Tras la visita a la iglesia del Gesú, pasamos por lugares
renombrados como el Palacio residencia de Berlusconi, el mirador de
Leticia Bonaparte, la plaza Venecia y el monumento a Victor Manuel II, el altar de la Patria, que domina toda Roma y que tanta controversia levantó en su construcción. Nos dirigimos al monte capitolino,
la más pequeña de las siete colinas de Roma, pero la más importante,
pues era el centro religioso de la ciudad; allí estaba el templo a
Júpiter y en ella se celebraban la investidura de los cónsules y los
triunfos de los generales victoriosos. Para ello hemos de ascender la
enorme escalinata que nos lleva a la iglesia de santa María Araceli,
regentada por los frailes menores, y por la que los romanos sienten
devoción especial, especialmente las que están en estado de buena
esperanza, pues alberga una copia del santo Bambino del siglo XV de
madera proveniente del huerto de Getsemaní y que fue robada en 1994 y
nunca se recuperó. En un rincón, y como olvidado, una escultura de León X, el Papa que no supo ver el peligro que suponía Lutero con sus 95 tesis.
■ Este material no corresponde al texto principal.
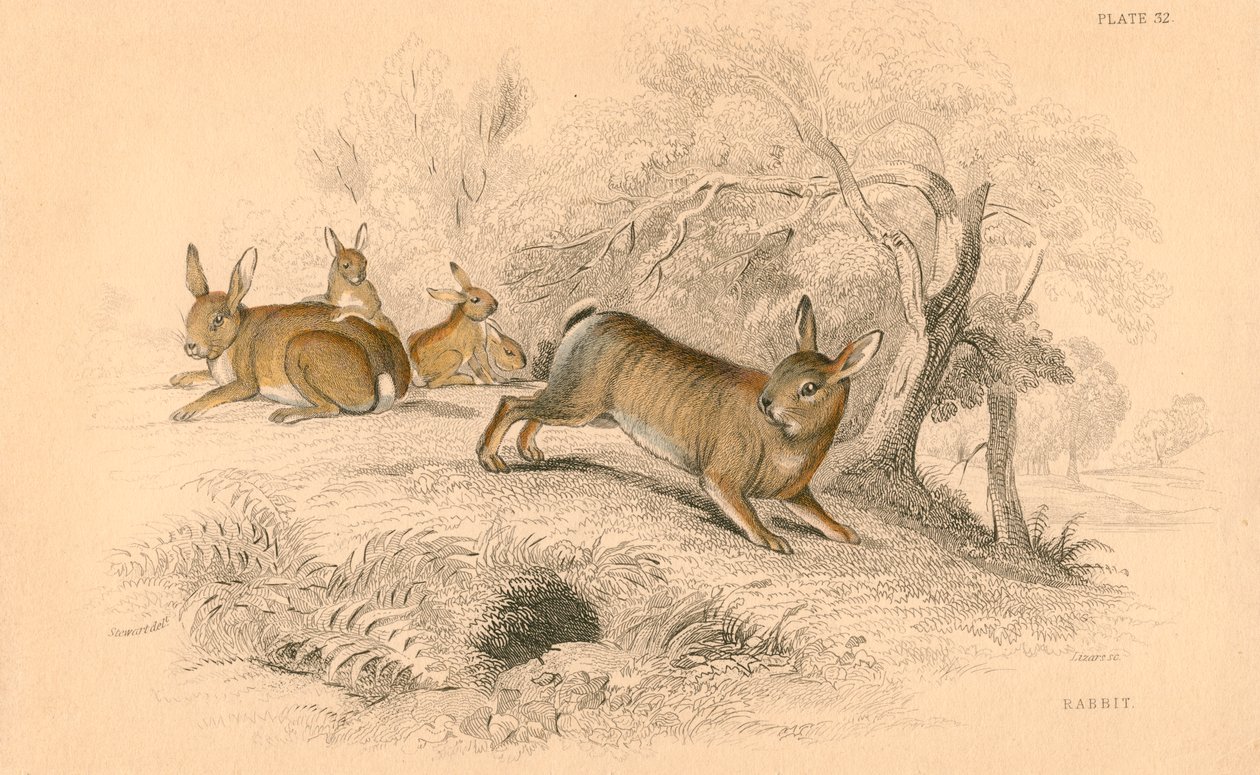 Králík Oryctolagus cuniculus, 1828 od Unbekannt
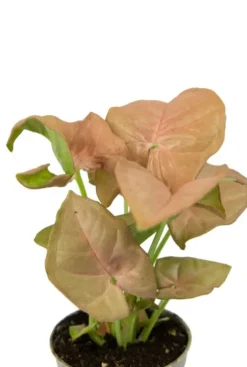 Syngonium Neon - Stekje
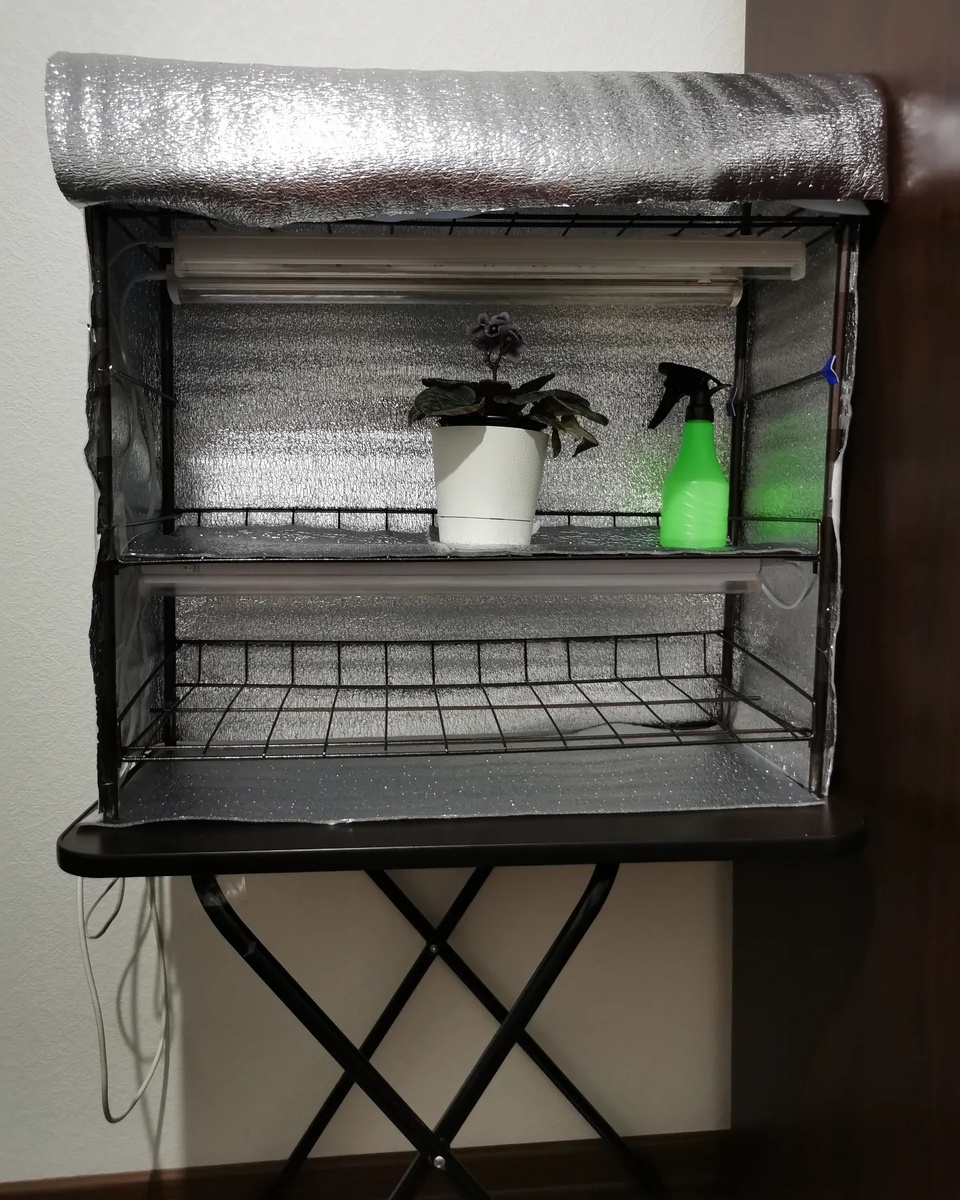 Жизнь квартирного огорода в картинках.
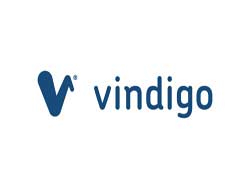 Vindigo is out of the game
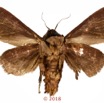 0062 Heterocera 213d (FV) Noctuidae 18E5K3IMG_180512127404_DxOwtmk 150k.jpg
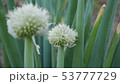 ネギの花 53777729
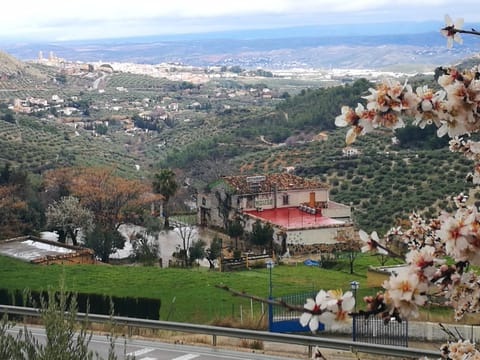 Property building, City view, Garden view, Street view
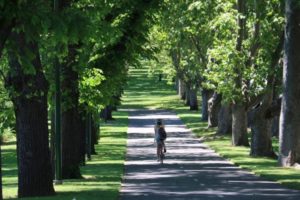 Melbourne Greenery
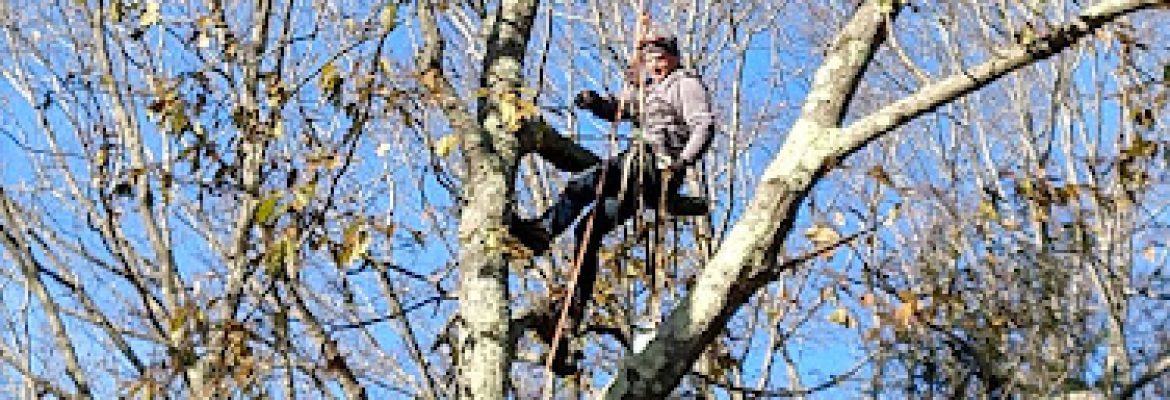Peter Schiavoni, Licensed Arborist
Al salir de la iglesia nos encontramos en el Campidoglio, plaza planificada por el genio de Miguel Ángel
y sus colaboradores. En una esquina, antes de entrar, la escultura de
la Loba amamantando a Rómulo y Remo. Y la plaza alberga el palacio
Senatorio, donde se alojan las oficinas de la Alcaldía, y los museos
capitolinos. En el centro de la plaza, la escultura en bronce de Marco Aurelio,
conservada por confundirla con Constantino. Y para salir de la plaza
hay que atravesar el espacio guardado por Castor y Pólux, los genios
protectores de Roma. La historia y el arte se funden en un sentimiento
de admiración hacia la belleza del lugar.